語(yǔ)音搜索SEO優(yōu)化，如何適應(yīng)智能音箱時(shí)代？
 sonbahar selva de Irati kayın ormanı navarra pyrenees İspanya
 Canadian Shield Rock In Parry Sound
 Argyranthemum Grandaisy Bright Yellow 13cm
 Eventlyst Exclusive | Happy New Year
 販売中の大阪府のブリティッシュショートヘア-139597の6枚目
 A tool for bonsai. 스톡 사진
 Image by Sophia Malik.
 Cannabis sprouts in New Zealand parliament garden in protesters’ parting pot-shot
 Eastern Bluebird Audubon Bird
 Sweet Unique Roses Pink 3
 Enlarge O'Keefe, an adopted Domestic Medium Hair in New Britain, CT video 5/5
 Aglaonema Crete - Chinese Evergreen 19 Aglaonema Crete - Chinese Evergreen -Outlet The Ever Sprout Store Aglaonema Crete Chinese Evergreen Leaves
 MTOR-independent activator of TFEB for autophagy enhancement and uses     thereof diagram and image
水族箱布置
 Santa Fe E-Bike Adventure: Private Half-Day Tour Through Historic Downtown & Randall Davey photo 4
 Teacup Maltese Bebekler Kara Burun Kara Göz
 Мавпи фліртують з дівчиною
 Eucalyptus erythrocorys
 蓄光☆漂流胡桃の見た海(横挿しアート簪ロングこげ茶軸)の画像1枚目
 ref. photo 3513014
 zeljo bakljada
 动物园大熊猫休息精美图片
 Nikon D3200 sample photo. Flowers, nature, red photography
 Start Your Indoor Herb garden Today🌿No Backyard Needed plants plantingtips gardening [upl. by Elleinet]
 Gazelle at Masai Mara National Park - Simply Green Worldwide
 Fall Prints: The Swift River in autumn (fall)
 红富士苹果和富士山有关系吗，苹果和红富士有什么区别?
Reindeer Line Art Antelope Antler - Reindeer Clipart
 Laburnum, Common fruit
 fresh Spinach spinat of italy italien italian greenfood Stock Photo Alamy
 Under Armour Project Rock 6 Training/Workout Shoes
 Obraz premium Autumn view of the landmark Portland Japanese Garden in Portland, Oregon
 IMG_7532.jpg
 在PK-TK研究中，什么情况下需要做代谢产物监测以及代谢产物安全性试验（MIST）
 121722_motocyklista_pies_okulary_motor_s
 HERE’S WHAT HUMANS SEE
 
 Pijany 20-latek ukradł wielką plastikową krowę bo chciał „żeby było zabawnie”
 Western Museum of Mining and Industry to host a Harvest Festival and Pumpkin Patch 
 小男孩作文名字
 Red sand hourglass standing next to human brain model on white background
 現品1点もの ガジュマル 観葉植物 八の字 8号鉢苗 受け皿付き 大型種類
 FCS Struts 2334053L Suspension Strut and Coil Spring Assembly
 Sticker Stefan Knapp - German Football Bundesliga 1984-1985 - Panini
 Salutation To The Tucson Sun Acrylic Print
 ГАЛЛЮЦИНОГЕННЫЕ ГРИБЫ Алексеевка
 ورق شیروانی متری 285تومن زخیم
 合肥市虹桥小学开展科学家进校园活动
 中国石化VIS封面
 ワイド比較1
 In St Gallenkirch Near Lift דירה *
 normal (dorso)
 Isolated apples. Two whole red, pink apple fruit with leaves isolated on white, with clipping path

▸ ACTIVITY
Given the records above, return exactly the lines starting at the line containing "Pijany 20-latek ukradł" and ending at the line containing "ورق شیروانی متری 285تومن زخیم", including both.

▸ RESPONSE AREA
 Pijany 20-latek ukradł wielką plastikową krowę bo chciał „żeby było zabawnie”
 Western Museum of Mining and Industry to host a Harvest Festival and Pumpkin Patch 
 小男孩作文名字
 Red sand hourglass standing next to human brain model on white background
 現品1点もの ガジュマル 観葉植物 八の字 8号鉢苗 受け皿付き 大型種類
 FCS Struts 2334053L Suspension Strut and Coil Spring Assembly
 Sticker Stefan Knapp - German Football Bundesliga 1984-1985 - Panini
 Salutation To The Tucson Sun Acrylic Print
 ГАЛЛЮЦИНОГЕННЫЕ ГРИБЫ Алексеевка
 ورق شیروانی متری 285تومن زخیم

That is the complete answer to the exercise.